JEE Mains and Advanced

Numerical 1: At 298 K, the rate constant for a first-order reaction is 2.5 x 10^-3 s^-1. What is the half-life of the reaction? (a) 1.0 x 10^-3 s (b) 2.8 x 10^-3 s (c) 182.3 s (d) 277.8 s Answer: (c) 182.3 s

Explanation: The half-life of a first-order reaction is given by the equation:

$$t_{1/2} = \frac{0.693}{k}$$

Substituting the given rate constant, we get: $$t_{1/2} = \frac{0.693}{2.5 \times 10^{-3} \text{ s}^{-1}} = 277.2\text{ s}$$ Therefore, the half-life of the reaction is 277.2 s, which is closest to option (d).

Numerical 2: The rate constant for the decomposition of N2O5 at 25°C is 4.0 x 10^-5 s^-1. What is the rate of decomposition of N2O5 if the initial concentration is 0.020 M? (a) 8.0 x 10^-6 M s^-1 (b) 4.0 x 10^-5 M s^-1 (c) 2.0 x 10^-4 M s^-1 (d) 8.0 x 10^-8 M s^-1 Answer: (a) 8.0 x 10^-6 M s^-1

Explanation: The rate of a first-order reaction is given by the equation: $$ \text{Rate} = -\frac{d[\text{N}_2\text{O}_5]}{dt} = k[\text{N}_2\text{O}_5] $$

Substituting the given rate constant and initial concentration, we get: $$ \text{Rate} = -4.0 \times 10^{-5} \text{ s}^{-1} \times 0.020 \text{ M} = 8.0 \times 10^{-6} \text{ M s}^{-1} $$ Therefore, the rate of decomposition of N2O5 is 8.0 x 10^-6 M s^-1.

CBSE Board Exams

Numerical 1: The activation energy of a reaction is 100 kJ mol^-1. At what temperature will the reaction be twice as fast as it is at 25°C? Answer: 333 K

Explanation: We can use the Arrhenius equation to solve this problem:

$$ k = Ae^{-\frac{E_a}{RT}}$$

where:

• k is the rate constant
• A is the pre-exponential factor
• Ea is the activation energy
• R is the ideal gas constant
• T is the temperature

We want to find the temperature at which the reaction is twice as fast as it is at 25°C, so we can set the ratio of the rate constants at the two temperatures equal to 2:

$$\frac{k_2}{k_1} = 2$$

Substituting the Arrhenius equation into this expression, we get: $$\frac{Ae^{-\frac{E_a}{RT_2}}}{Ae^{-\frac{E_a}{RT_1}}} = 2$$

Simplifying, we get: $$\frac{e^{-\frac{E_a}{RT_1}}}{e^{-\frac{E_a}{RT_2}}} = 2$$ Taking the natural logarithm of both sides, we get: $$-\frac{E_a}{RT_1} + \frac{E_a}{RT_2} = \ln 2$$

Rearranging, we get: $$\frac{E_a}{RT_2} = \frac{E_a}{RT_1} - \ln 2$$

Substituting the given values, we get: $$\frac{100000 \text{ J mol}^{-1}}{8.314 \text{ J mol}^{-1} \text{ K}^{-1} T_2} = \frac{100000 \text{ J mol}^{-1}}{8.314 \text{ J mol}^{-1} \text{ K}^{-1} (298 \text{ K})} - \ln 2$$

Solving for T2, we get: $$T_2 = 333 \text{ K}$$ Therefore, the reaction will be twice as fast at 333 K compared to 25°C.

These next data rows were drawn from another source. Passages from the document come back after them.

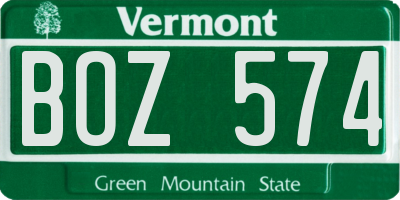 VT license plate BOZ574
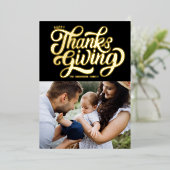 Vet Script Zwart Happy Thanksgiving-foto Folie Feestdagenkaart (Staand Voorkant)
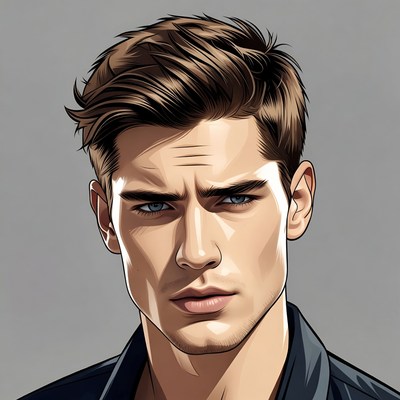 Handsome man portrait illustration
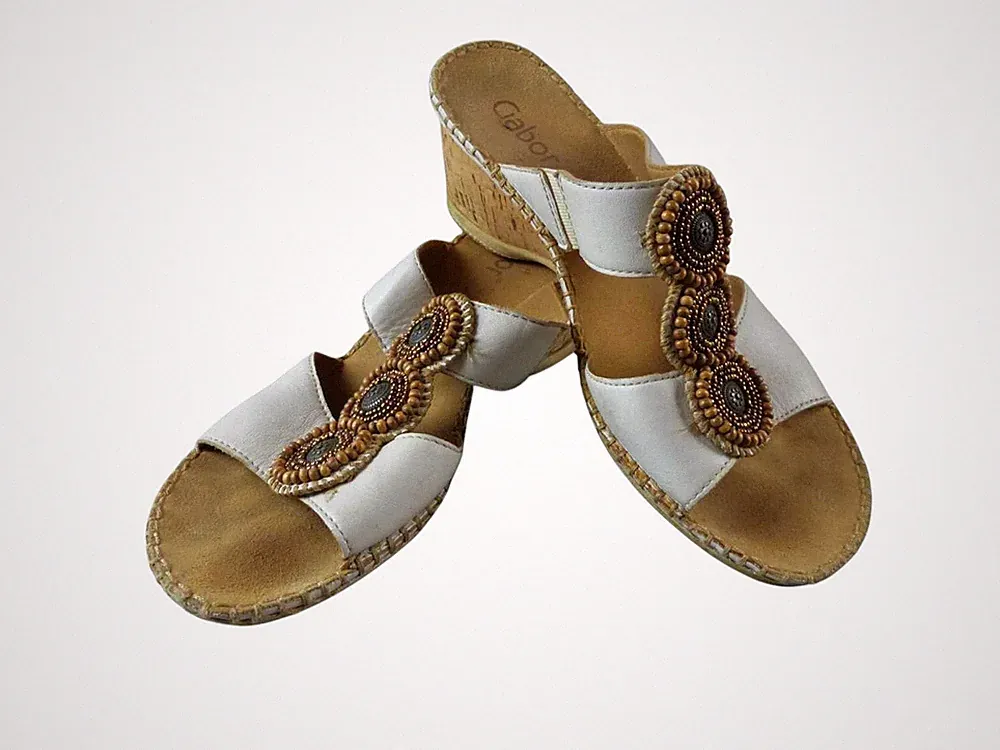 damen pantolette mit keilabsatz 6 cm weiß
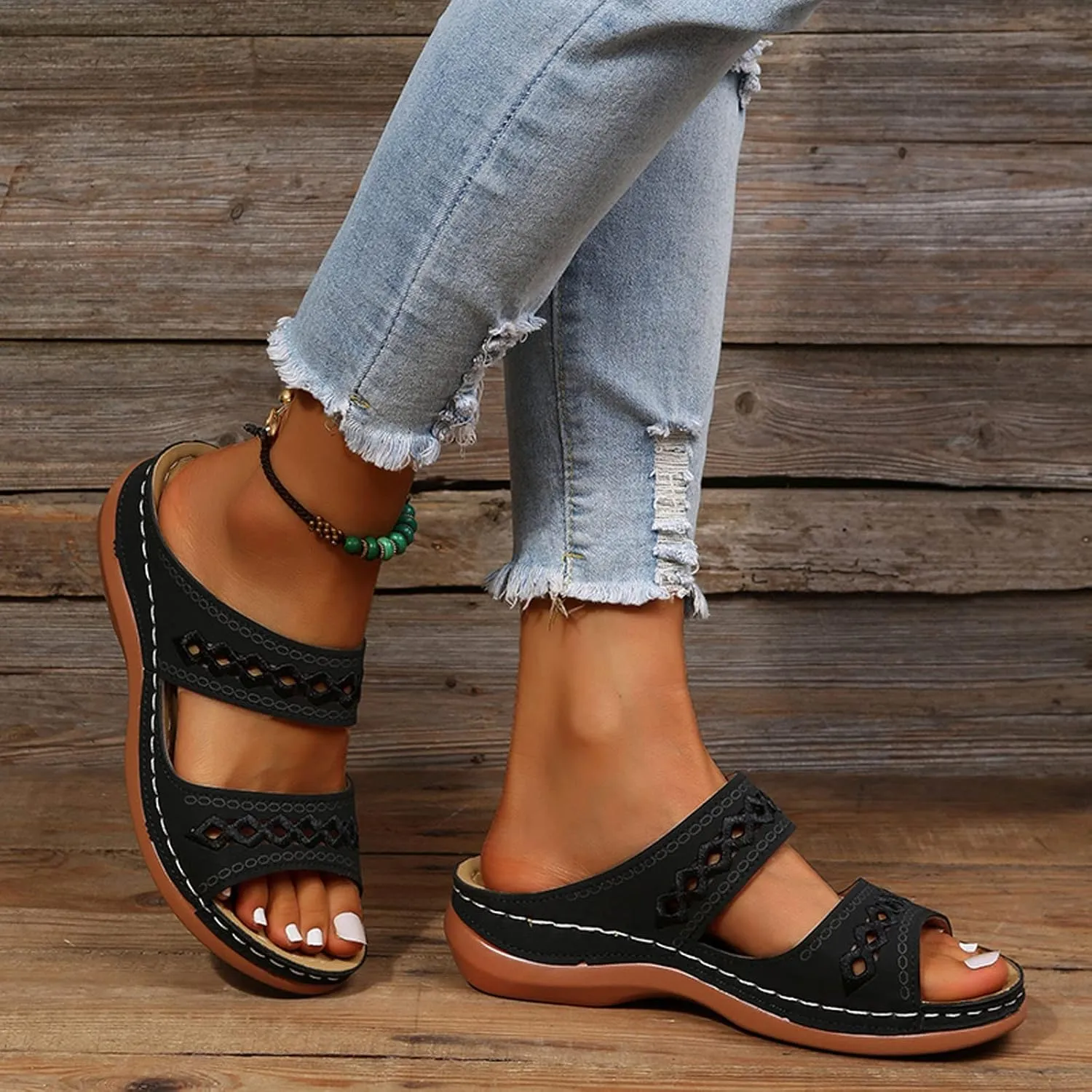 Wide Wedge Sandals for Women Women's Slipper Thong Flipflop Womans Sandals Indoor Outdoor Slippers Soft Slippers Pool Shoes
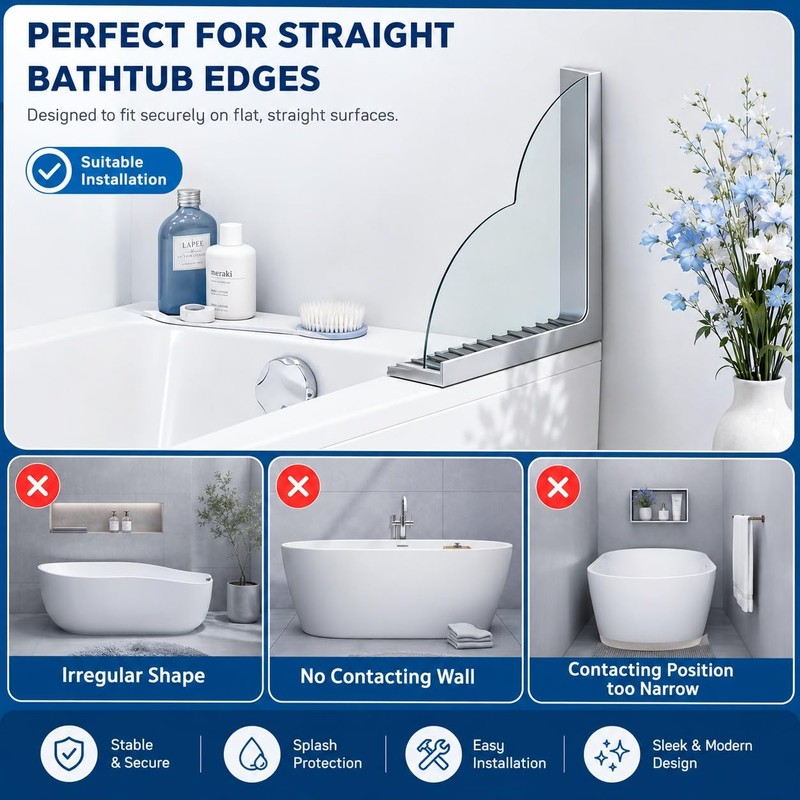 Splash Guard for Bathtub, 2-Piece Shower Splash Guard with Clear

Numerical 2: A reaction is first order with respect to both A and B. The rate constant for the reaction is 2.0 x 10^-3 L mol^-1 s^-1. What is the rate of the reaction if the initial concentrations of A and B are both 0.10 M? Answer: 2.0 x 10^-5 M s^-1

Explanation: The rate law for a first-order reaction with respect to both A and B is: $$ \text{Rate} = k[\text{A}][\text{B}] $$

Substituting the given rate constant and initial concentrations, we get: $$ \text{Rate} = 2.0 \times 10^{-3} \text{ L mol}^{-1} \text{ s}^{-1} \times 0.10 \text{ M} \times 0.10 \text{ M} = 2.0 \times 10^{-5} \text{ M s}^{-1} $$ Therefore, the rate of the reaction is 2.0 x 10^-5 M s^-1.